Given a sorted array arr[] and a number x, write a function that counts the occurrences of x in arr[]. (O(Log(N)))

def count(arr, x):
    return bisect_right(arr, x) - bisect_left(arr, x)

Humblingly, though, without using the module, it took me another 30 to get the binary-search code above right, because I was writing it at the REPL instead of deriving it in the way I derived it above.

Term-rewriting

Here’s a description of the above bsearch procedure in terms of rewrite rules with implicit equality testing:

bsearch(A, P) = bsearch'(A, P, 0, #A)
bsearch'(_, _, x, x) = x
bsearch'(a, p, i, j) = bsearch''(a, p, i, j, i + (j-i) // 2)
bsearch''(a, p, i, j, m) = bsearch'''(a, p, i, j, p(a[m]))
bsearch'''(a, p, i, j, True) = bsearch'(a, p, m+1, j)
bsearch'''(a, p, i, j, False) = bsearch'(a, p, i, m)

This is somewhat verbose, and it might contain errors (I haven’t tested it) but I think it’s straightforward to see how to compile the Python version to a representation like this.

Rigor

What would it mean to make rigorous the above argument about correctness?

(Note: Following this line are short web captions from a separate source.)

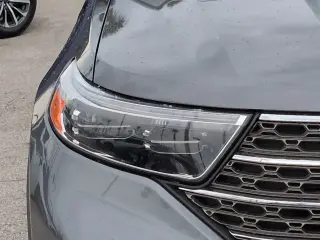 Ford Explorer 2023 AWD King Ranch 4dr SUV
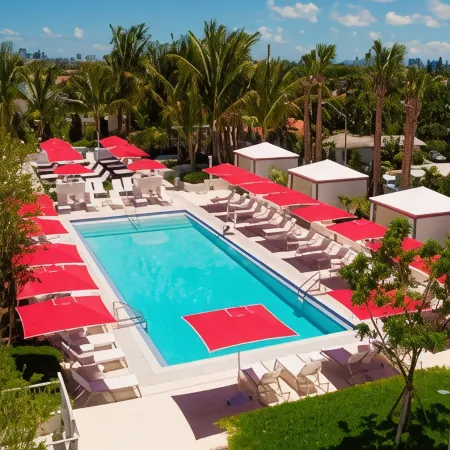 Residence Inn Miami Beach Surfside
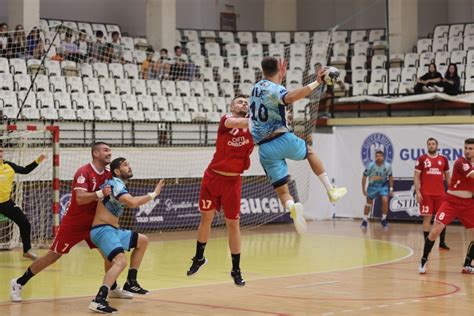 Handbali Tii De La Csm Oradea Nvin I Din Nou N Campionat Oradea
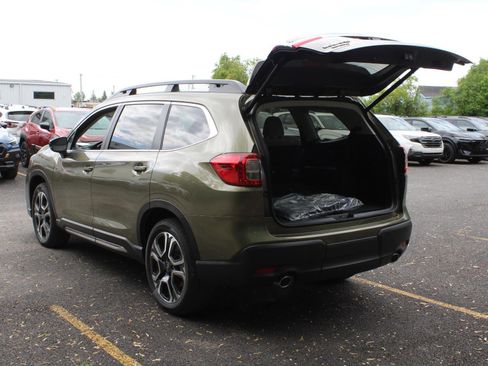 New 2026 Subaru Ascent Limited AWD/4WD image 7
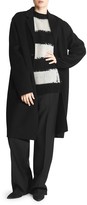 Thumbnail for your product : Acne Studios Wool & Cashmere Coat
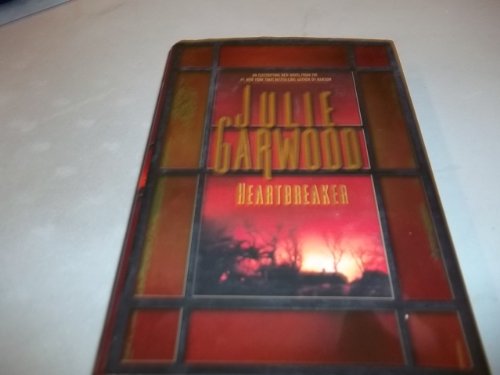 cover image Heartbreaker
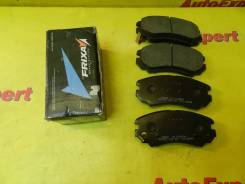   Kia soul 08/Chery Tiggo 7pro/Magentis II/Sonata NF FPH21 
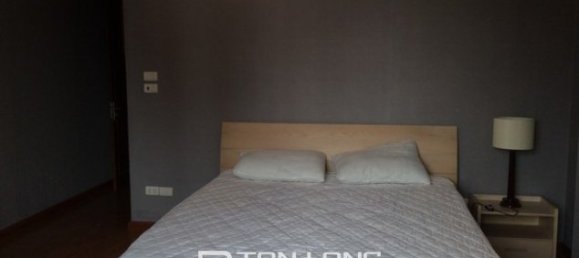 1 Schlafzimmer Wohnung in Ba Dinh, Vietnam, Nr. 2826 3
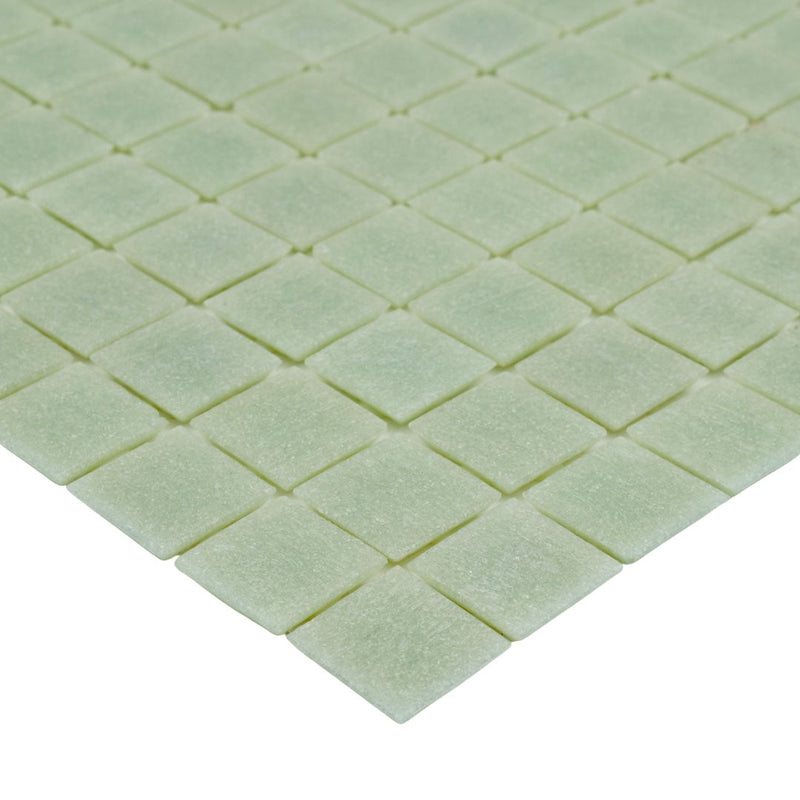 Vitreo 117, 3/4 x 3/4 Mosaic Tile | TREND Glass Mosaic Tile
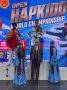 Чемпионат Мира по хапкидо Иссык-Куль, Киргизия, 22-24 сентября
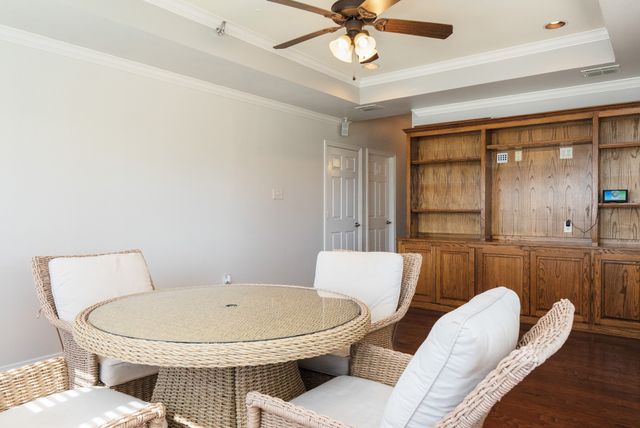 115 Kenwick Court, Aledo, TX 76008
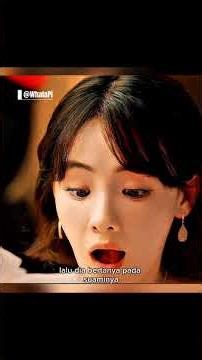 SUAMI MILYADER YANG PURA PURA JADI NELAYAN #alurceritaflim #dracin #nelayankaya #shorts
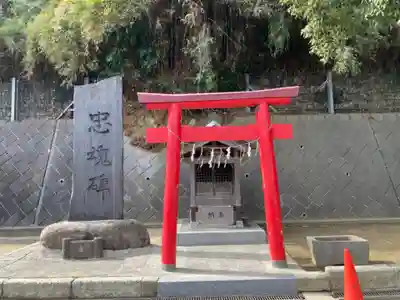 杉田八幡神社（杉田八幡宮）(神奈川県)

First, we assume (have as a precondition) that the array is “sorted”, which in this case means that if we step through its elements, if at some point P becomes false, it stays false for all subsequent elements. I think I can write this as

i ∈ [0, #A): ∀j ∈ [i, #A): ¬P(A) ∨ P(A)

That is, if A makes P false, then any A after it within the array must also make P false. (I’m implicitly restricting i and j to be integers.)

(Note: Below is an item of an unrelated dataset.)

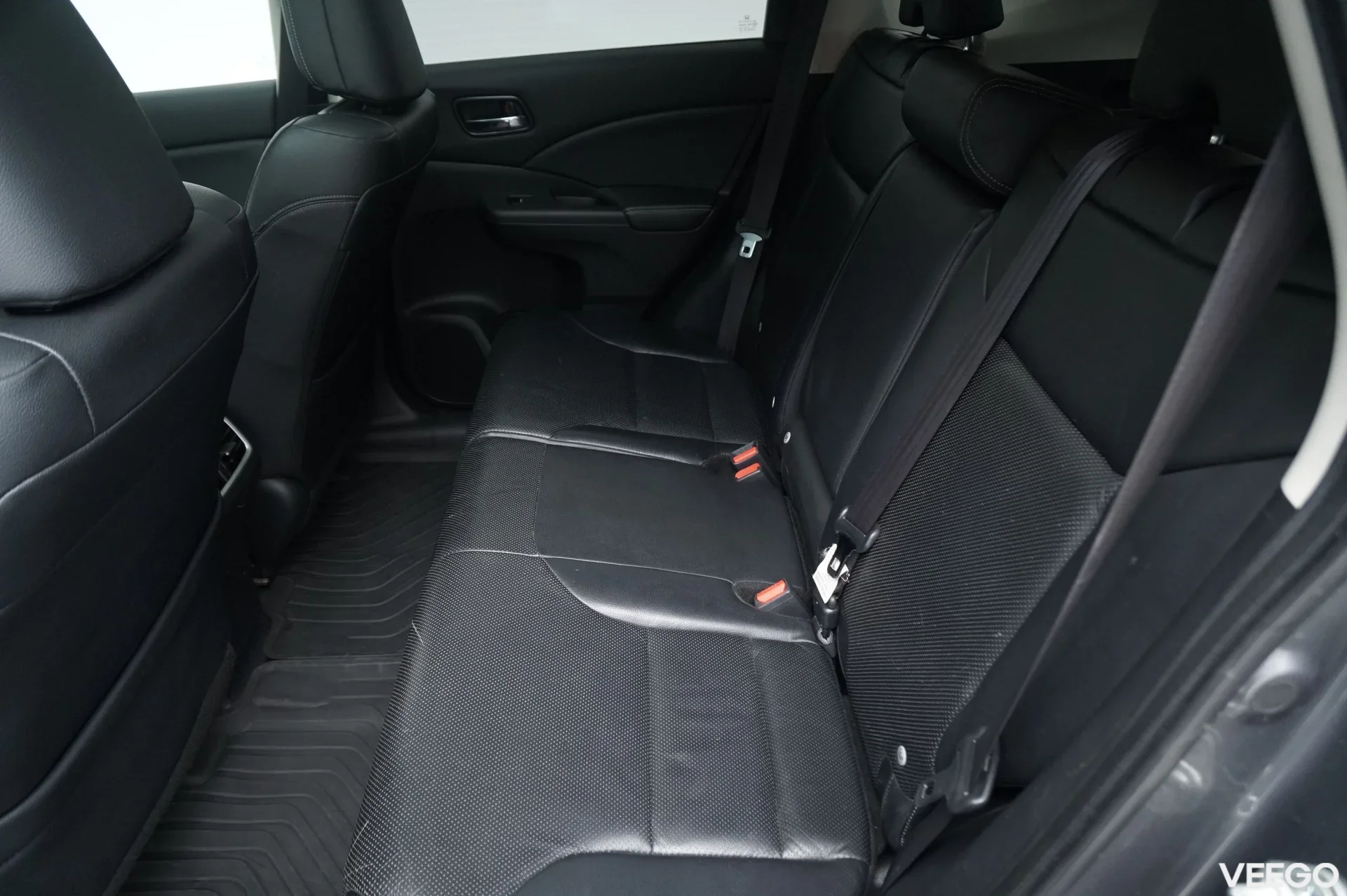 Honda CR-V Executive 2 114kW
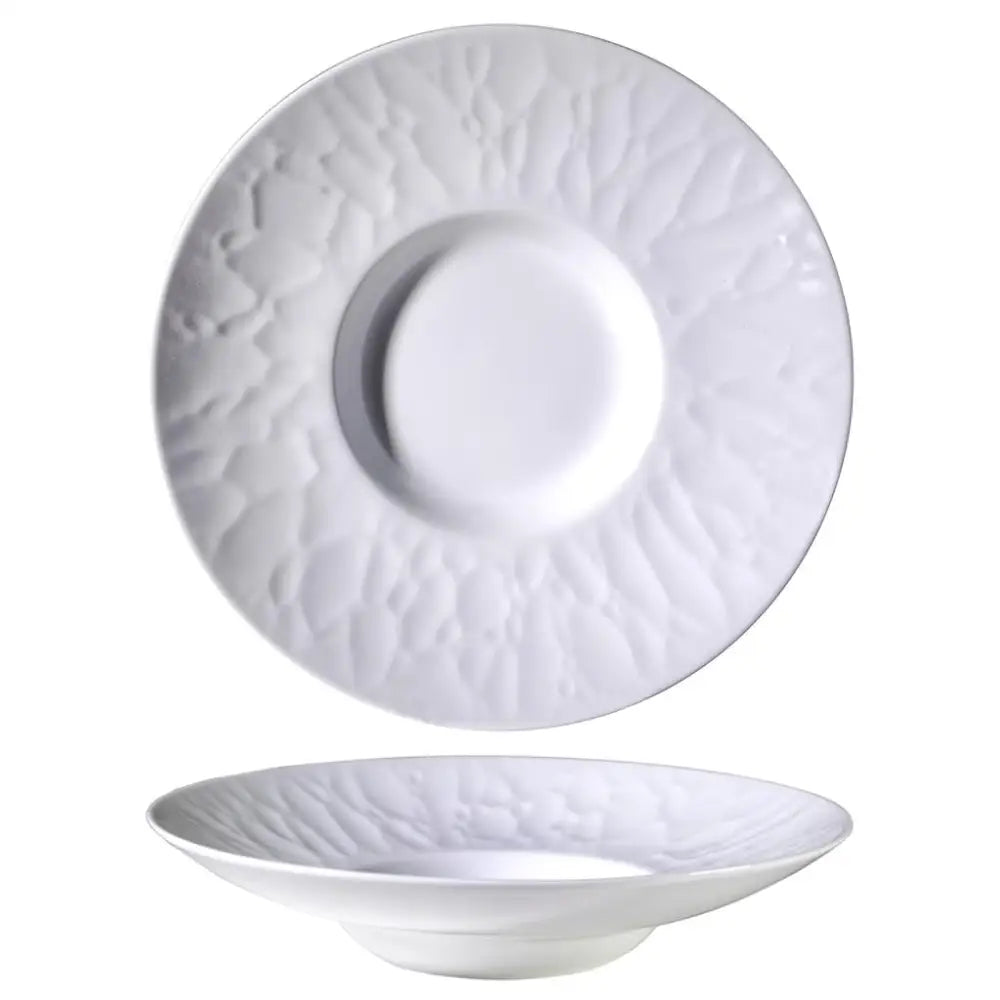 PASTA BOWL 27 CM ATELIER 7922 ROYAL PORCELAIN - 9021398 - MEDRI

What we want to prove is that bsearch produces the right return value: some value such that all elements before it make P true and all other elements make P false; we also want it to be either a valid array index or one past the end. That is:

bsearch(A, P) ∈ [0, #A]
i ∈ [0, bsearch(A, P)): P(A)
i ∈ [bsearch(A, P), #A): ¬P(A)

This would probably involve first proving that such a value exists, using induction and the precondition above. Such a value is necessarily unique, which might or might not be necessary to prove.

We would also need to prove that bsearch terminates, which can be done with induction on j - i: that difference is always nonnegative, terminating the function when it reaches 0, and recursive calls always strictly diminish it. We also need to show that it doesn’t exceed the array bounds of A:

i ∈ [0, #A) ∧ j ∈ [0, #A] ⇒ i + (j-i) // 2 ∈ [0, #A)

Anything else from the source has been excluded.